Por su parte, los mecanismos de evaluación de la ciencia, que pretenden asegurar su calidad, recaen en indicadores cuantitativos, dentro de los cuales el más importante es la cantidad de publicaciones en revistas especializadas generadas por cada investigación. La preponderancia de estas publicaciones en las evaluaciones hacen que se conviertan en un objetivo en sí mismo, generando una presión exógena innegable sobre los investigadores y sus equipos de trabajo.
De hecho, el sistema global de publicaciones especializadas viene hace años acumulando críticas en todo el mundo.

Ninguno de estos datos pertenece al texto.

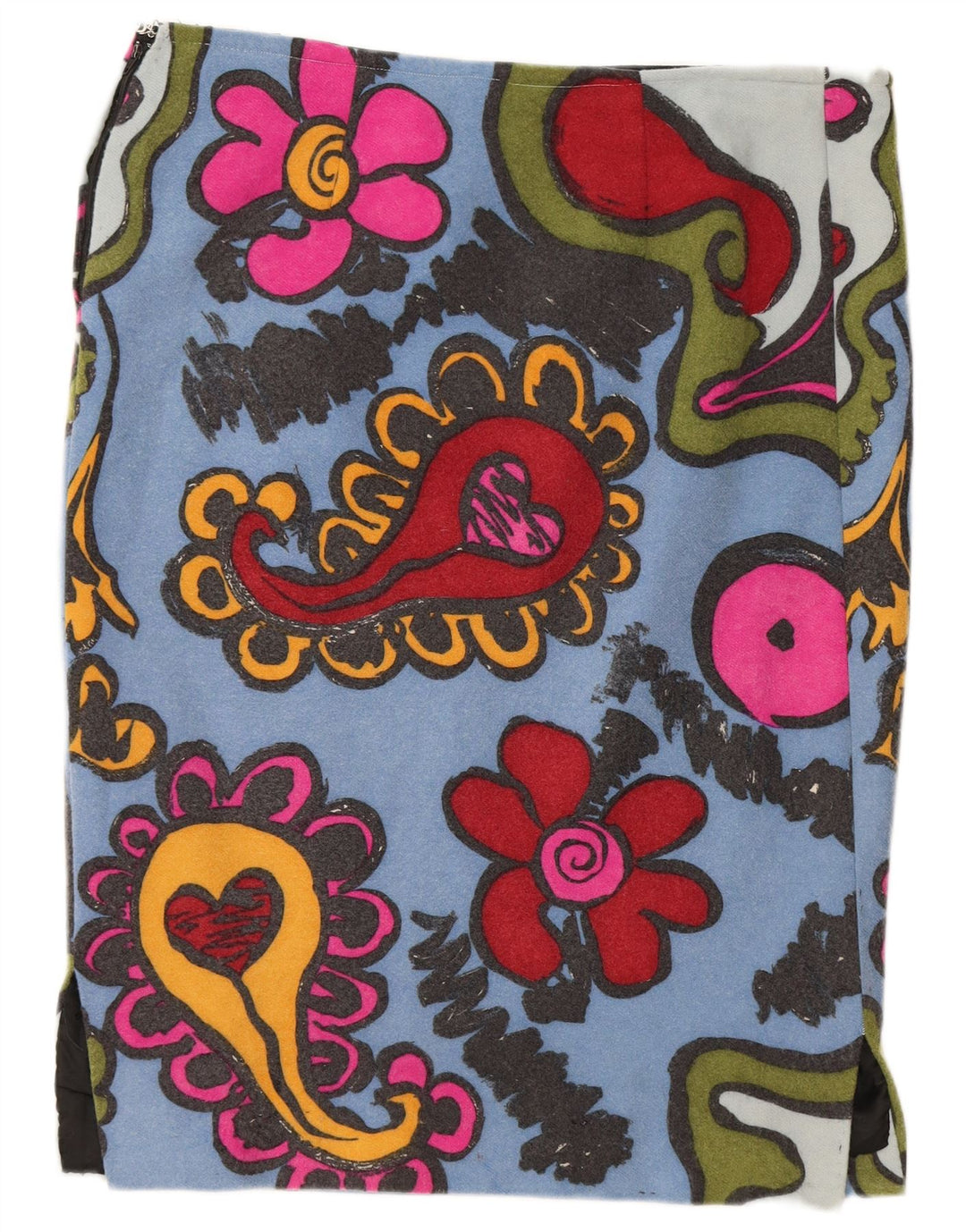 jupe droite femme vintage W36 XL Bleu Floral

Una de ellas, es que la enorme presión por publicar ha generado una verdadera crisis de reproducibilidad, que incluye manejo de condiciones experimentales y pruebas estadísticas para demostrar la hipótesis planteada desde un inicio. También la exaltación de resultados positivos y el descarte de los negativos, así como la valoración de temáticas poco novedosas -entre otras malas prácticas- producto de la presión por publicar, han hecho que muchos investigadores incurran en conductas alejadas de la ética profesional.
Por último, las millonarias rentabilidades que manejan las empresas editoras de estas revistas[2], su capacidad de manejar la tendencia internacional de temáticas al decidir el volumen de trabajos publicados en tal o cual área y la discriminación que ejercen sobre investigadores e investigadoras que no son de países líderes en investigación, han puesto en tela de juicio al sistema de publicaciones especializadas en todo el orbe.
A pesar de estas críticas, en Chile y en gran parte del mundo se siguen utilizando estos indicadores como evaluación de la calidad de las investigaciones, lo que ha fomentado la competitividad a toda costa[3] y ha relegado a la curiosidad a un plano muy secundario.
Gráfico 1. Fondos competitivos alojados en CONICYT e ICM. Se hizo una caracterización semi-cuantitativa del grado de libertad de las temáticas a financiar en cada fondo, yendo desde los que no imponen ninguna prioridad o focalización (a la izquierda) hasta aquellos fondos que tiene temáticas definidas previamente como Fondap. También se muestran dos características cualitativas: la naturaleza de los grupos ejecutores de los proyectos (investigadores/as individuales o grupos de investigadores) y el enfoque o centralidad de la evaluación. El área de cada figura es proporcional el monto asignado para el año 2017.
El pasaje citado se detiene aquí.